The above example method may be further configured, wherein the distributed data storage and processing system comprises at least one Hadoop cluster and determining sample information comprises accessing at least job log files corresponding the at least one Hadoop cluster. In this configuration the example method may be further configured, wherein the sample information comprises one or more samples, each sample including at least a configuration to run a workload in the at least one Hadoop cluster, a job log corresponding to the workload and resource use information corresponding to the workload. In this configuration the example method may be further configured, wherein creating a performance model of the distributed data storage and processing system comprises compiling a mathematical model of the distributed data storage and processing system based on the one or more samples, the mathematical model describing at least one of system performance and system dependencies.
The above example method may be further configured, alone or in addition to the above example configurations, wherein evaluating configuration changes to the distributed data storage and processing system comprises optimizing system performance by searching over a configuration space and evaluating configurations using the performance model to determine the recommended configuration.
The above example method may be further comprise, alone or in addition to the above example configurations, at least one of causing the recommended configuration to be implemented in the distributed data storage and processing system or providing a summary including suggested changes needed to change the configuration of the distributed data storage and processing system into the recommended configuration.
In another example embodiment there is provided a system including a device comprising at least a tuner module, the system being arranged to perform any of the above example methods.
In another example embodiment there is provided a chipset arranged to perform any of the above example methods.
In another example embodiment there is provided at least one machine readable medium comprising a plurality of instructions that, in response to be being executed on a computing device, cause the computing device to carry out any of the above example methods.
In another example embodiment there is provided a device. The device may include at least a tuner module configured to determine a configuration for a distributed data storage and processing system based at least on configuration information, adjust the configuration of the distributed data storage and processing system based on a baseline distributed data storage and processing system configuration, determine sample information for the distributed data storage and processing system, the sample information being derived from operation of the distributed data storage and processing system, create a performance model of the distributed data storage and processing system based on the sample information, evaluate configuration changes to the distributed data storage and processing system using the performance model; and determine a recommended configuration based on the configuration change evaluation.
The above example device may be further configured, wherein the tuner module comprises a software component, the device further comprising at least one processor configured to execute program code stored within a memory in the device, the execution of the program code generating the software component.
The above example device may be further configured, alone or in addition to the above example configurations, wherein the tuner module being configured to determine the configuration for the distributed data storage and processing system comprises the tuner module being configured to determine a system provisioning configuration and a system parameter configuration for the distributed data storage and processing system.

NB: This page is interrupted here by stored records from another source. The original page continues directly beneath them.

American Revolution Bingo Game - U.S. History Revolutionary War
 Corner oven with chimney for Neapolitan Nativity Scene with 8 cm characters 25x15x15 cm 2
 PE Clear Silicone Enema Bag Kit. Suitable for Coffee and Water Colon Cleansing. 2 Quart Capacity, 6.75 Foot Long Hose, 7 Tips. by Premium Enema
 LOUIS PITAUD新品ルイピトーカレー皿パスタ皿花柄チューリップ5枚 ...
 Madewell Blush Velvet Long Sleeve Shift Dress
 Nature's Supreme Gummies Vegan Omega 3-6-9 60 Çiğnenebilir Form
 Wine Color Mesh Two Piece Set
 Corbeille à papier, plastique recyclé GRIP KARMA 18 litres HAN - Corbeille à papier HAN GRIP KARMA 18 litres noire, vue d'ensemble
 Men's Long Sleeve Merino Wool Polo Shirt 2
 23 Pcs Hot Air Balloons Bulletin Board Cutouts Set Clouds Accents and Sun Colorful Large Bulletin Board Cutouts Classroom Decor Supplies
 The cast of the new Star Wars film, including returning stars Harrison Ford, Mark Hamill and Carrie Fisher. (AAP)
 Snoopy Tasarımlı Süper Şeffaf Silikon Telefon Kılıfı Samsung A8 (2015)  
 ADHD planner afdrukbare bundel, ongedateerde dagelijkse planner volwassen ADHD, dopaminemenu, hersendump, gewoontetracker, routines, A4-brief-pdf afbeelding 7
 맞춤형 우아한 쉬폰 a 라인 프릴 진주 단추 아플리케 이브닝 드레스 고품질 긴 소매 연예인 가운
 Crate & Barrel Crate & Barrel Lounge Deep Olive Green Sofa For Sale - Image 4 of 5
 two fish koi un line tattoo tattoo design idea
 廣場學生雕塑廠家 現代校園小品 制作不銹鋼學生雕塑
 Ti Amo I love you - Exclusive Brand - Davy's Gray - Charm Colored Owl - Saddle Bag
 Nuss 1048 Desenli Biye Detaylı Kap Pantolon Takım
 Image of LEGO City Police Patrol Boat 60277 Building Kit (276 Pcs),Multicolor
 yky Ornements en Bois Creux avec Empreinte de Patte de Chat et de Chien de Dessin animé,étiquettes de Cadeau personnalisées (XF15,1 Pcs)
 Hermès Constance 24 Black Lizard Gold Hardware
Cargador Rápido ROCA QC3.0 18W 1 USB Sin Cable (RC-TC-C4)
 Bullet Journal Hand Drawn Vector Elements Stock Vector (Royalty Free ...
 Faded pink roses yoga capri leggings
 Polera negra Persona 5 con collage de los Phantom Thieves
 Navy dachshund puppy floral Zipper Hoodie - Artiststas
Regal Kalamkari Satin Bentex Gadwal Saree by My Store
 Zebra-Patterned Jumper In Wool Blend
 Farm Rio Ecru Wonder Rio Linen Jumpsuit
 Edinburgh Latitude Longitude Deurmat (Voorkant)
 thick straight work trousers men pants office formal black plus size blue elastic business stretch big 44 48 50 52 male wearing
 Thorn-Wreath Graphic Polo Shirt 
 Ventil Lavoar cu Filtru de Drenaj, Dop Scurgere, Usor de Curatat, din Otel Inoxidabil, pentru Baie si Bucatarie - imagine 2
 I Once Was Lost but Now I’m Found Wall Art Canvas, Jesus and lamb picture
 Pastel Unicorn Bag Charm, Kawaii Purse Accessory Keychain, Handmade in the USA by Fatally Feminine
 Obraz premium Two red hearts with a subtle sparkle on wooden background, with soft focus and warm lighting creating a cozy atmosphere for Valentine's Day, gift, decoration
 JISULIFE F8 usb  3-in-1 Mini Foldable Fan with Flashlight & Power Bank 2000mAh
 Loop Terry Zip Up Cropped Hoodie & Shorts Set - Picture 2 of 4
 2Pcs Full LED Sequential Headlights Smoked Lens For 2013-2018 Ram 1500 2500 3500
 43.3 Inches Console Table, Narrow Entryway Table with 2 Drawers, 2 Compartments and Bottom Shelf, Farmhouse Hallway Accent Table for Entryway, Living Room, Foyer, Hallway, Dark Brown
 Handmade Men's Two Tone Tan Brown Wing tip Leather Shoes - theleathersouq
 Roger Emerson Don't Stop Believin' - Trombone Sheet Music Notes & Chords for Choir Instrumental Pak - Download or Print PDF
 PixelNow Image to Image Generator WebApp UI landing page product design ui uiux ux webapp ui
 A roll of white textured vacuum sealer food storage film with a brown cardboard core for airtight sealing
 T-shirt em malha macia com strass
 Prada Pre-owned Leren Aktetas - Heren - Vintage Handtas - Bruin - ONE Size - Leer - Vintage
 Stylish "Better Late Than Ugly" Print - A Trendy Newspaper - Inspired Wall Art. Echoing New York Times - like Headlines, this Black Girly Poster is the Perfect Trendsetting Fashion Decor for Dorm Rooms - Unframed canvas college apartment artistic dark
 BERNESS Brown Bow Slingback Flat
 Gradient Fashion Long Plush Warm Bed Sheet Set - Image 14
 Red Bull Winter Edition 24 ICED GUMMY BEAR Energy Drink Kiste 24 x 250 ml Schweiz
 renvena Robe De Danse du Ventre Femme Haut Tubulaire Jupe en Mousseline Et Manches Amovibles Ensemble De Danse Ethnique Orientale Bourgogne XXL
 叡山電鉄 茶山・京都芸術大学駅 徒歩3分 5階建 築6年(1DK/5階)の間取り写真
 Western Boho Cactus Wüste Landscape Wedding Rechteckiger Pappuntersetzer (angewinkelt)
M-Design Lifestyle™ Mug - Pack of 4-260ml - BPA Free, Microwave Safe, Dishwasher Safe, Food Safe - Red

The above example device may be further configured, alone or in addition to the above example configurations, wherein the tuner module being configured to adjust the configuration of the distributed data storage and processing system comprises the tuner module being configured to adjust at least one of a network configuration, a system configuration or a configuration of at least one device in the distributed data storage and processing system.
The above example device may be further configured, alone or in addition to the above example configurations, wherein the distributed data storage and processing system comprises at least one Hadoop cluster and the tuner module being configured to determine sample information comprises the tuner module being configured to access at least job log files corresponding the at least one Hadoop cluster, the job log files being available in the device. In this configuration, the example device may be further configured, wherein the sample information comprises one or more samples, each sample including at least a configuration to run a workload in the at least one Hadoop cluster, a job log corresponding to the workload and resource use information corresponding to the workload. In this configuration, the example device may be further configured, wherein the tuner module being configured to create a performance model of the distributed data storage and processing system comprises the tuner module being configured to compile a mathematical model of the distributed data storage and processing system based on the one or more samples, the mathematical model describing at least one of system performance and system dependencies.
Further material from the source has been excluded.